- **Data excerpts**
*** Block opens ***

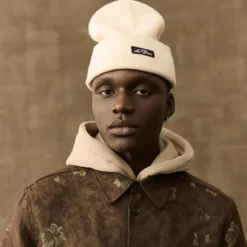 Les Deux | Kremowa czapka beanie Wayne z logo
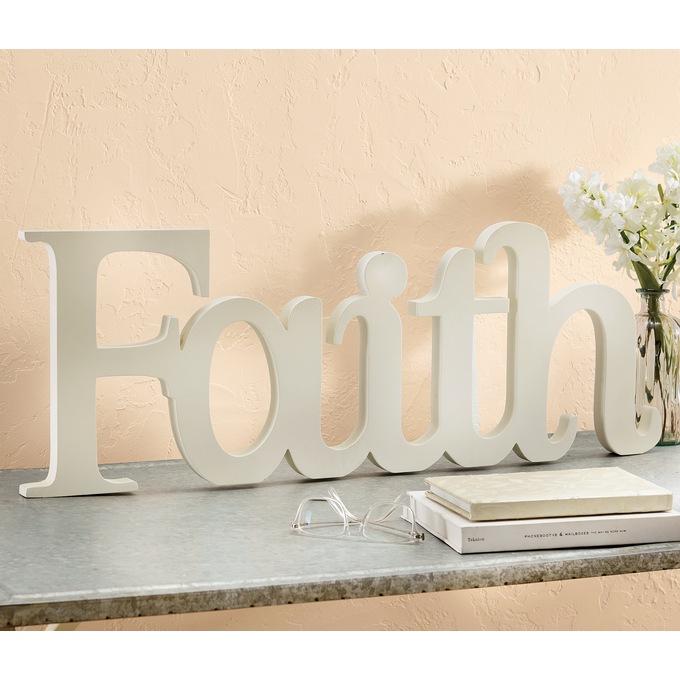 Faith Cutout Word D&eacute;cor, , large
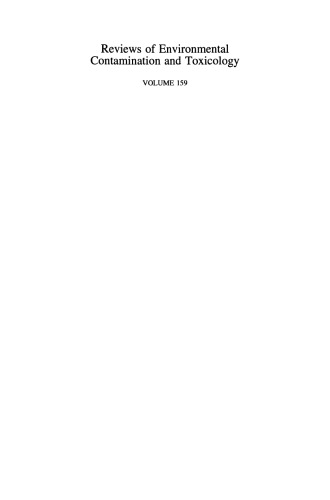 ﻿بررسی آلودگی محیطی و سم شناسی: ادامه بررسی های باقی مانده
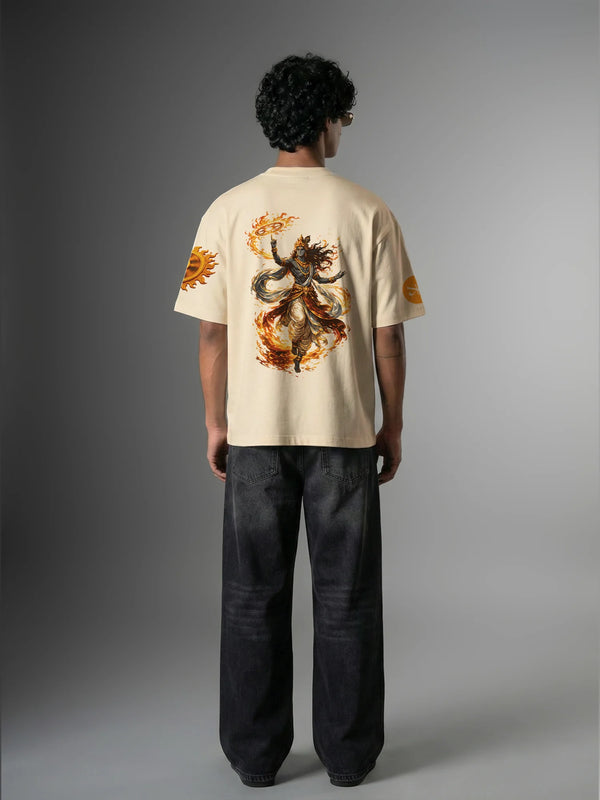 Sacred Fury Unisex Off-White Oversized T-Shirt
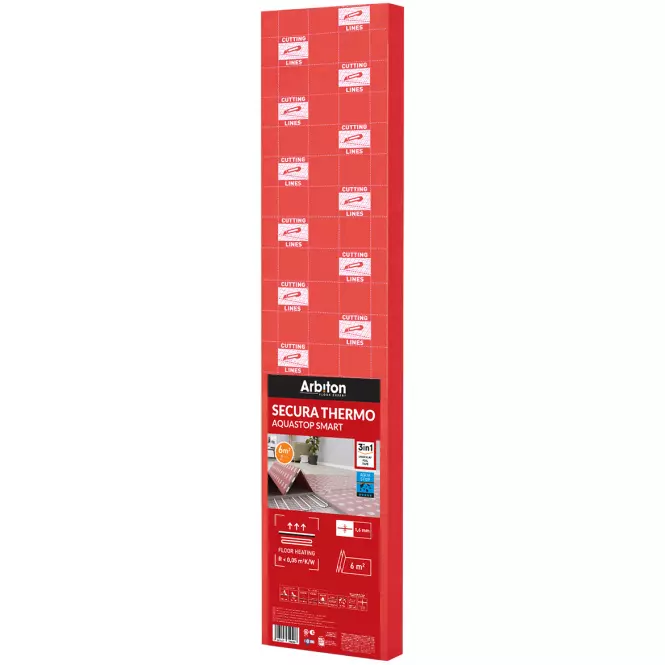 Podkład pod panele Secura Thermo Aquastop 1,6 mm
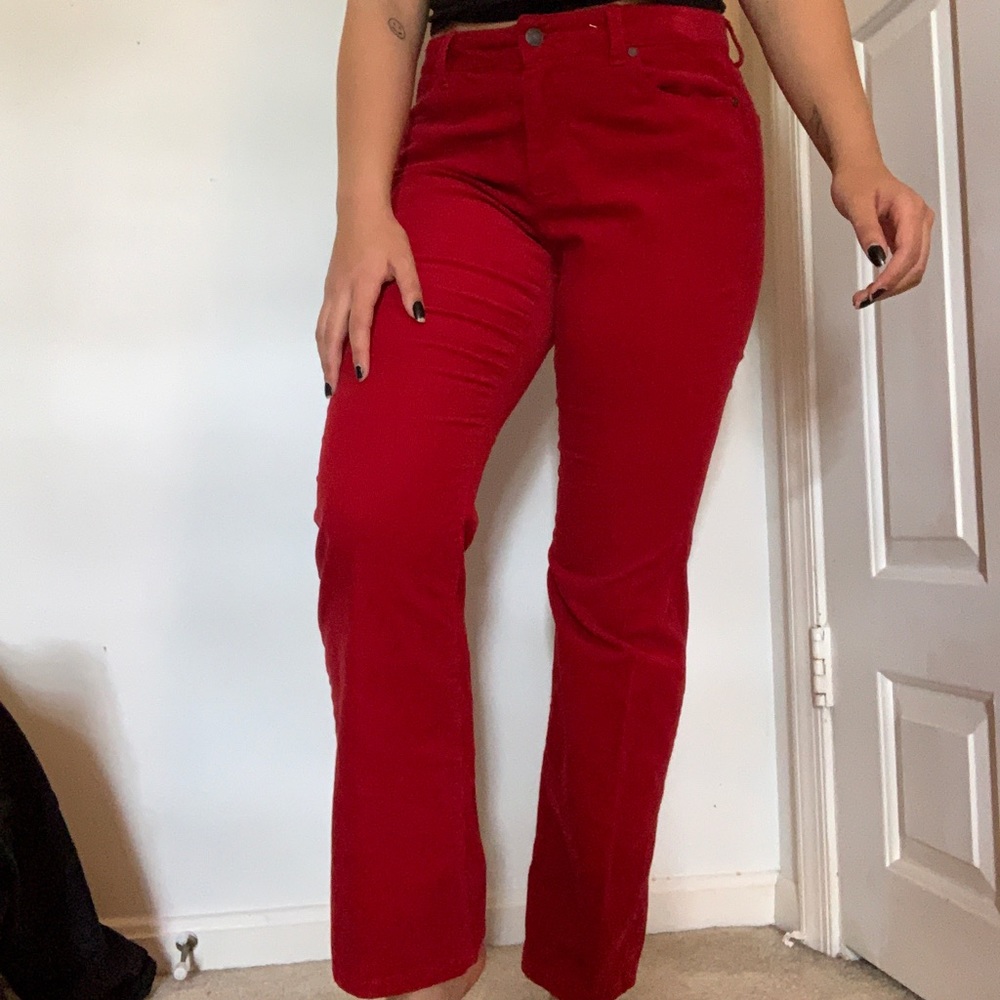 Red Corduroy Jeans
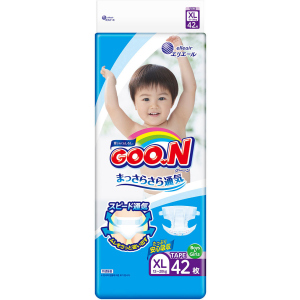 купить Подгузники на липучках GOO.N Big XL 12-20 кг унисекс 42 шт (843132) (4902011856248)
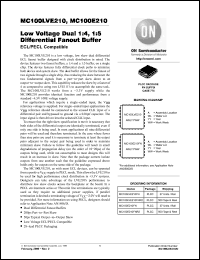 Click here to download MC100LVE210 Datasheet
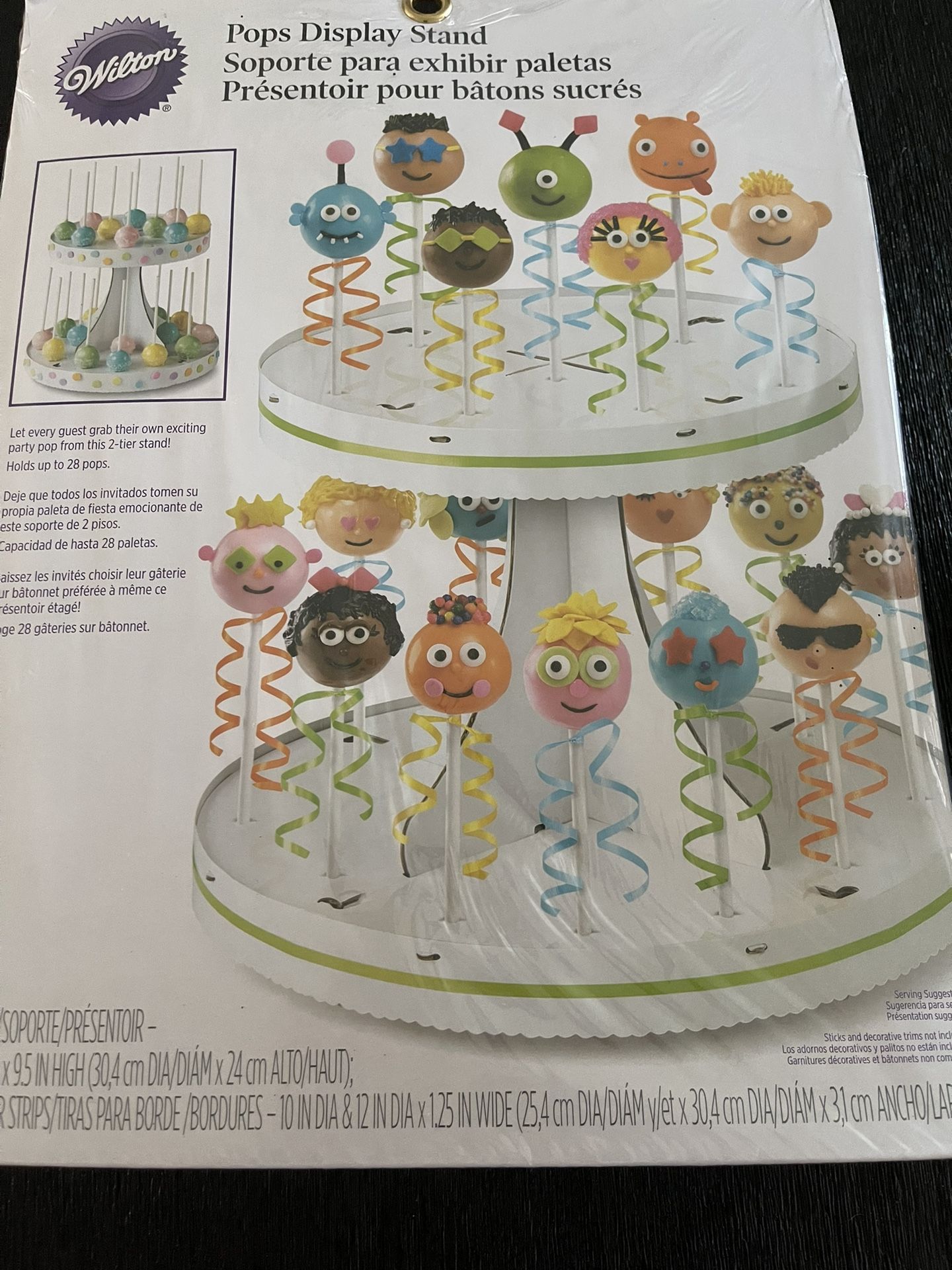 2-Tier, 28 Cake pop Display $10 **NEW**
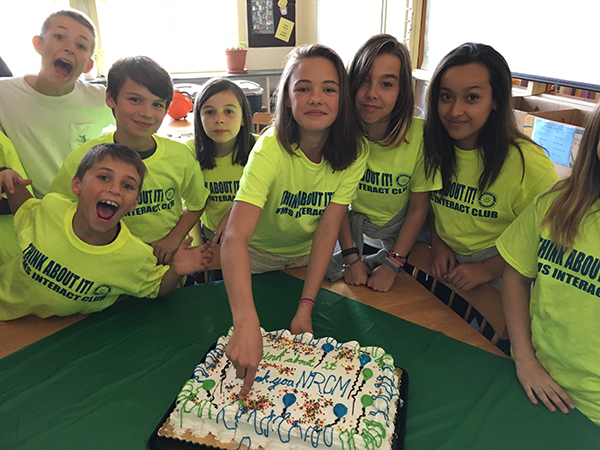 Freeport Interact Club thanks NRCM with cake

*** Block closes ***

- **What is needed**
Your response must reproduce the listing above word for word and must contain none of its pictures.

- **The completed task**
 Les Deux | Kremowa czapka beanie Wayne z logo
 Faith Cutout Word D&eacute;cor, , large
 ﻿بررسی آلودگی محیطی و سم شناسی: ادامه بررسی های باقی مانده
 Sacred Fury Unisex Off-White Oversized T-Shirt
 Podkład pod panele Secura Thermo Aquastop 1,6 mm
 Red Corduroy Jeans
 купить Подгузники на липучках GOO.N Big XL 12-20 кг унисекс 42 шт (843132) (4902011856248)
 Click here to download MC100LVE210 Datasheet
 2-Tier, 28 Cake pop Display $10 **NEW**
 Freeport Interact Club thanks NRCM with cake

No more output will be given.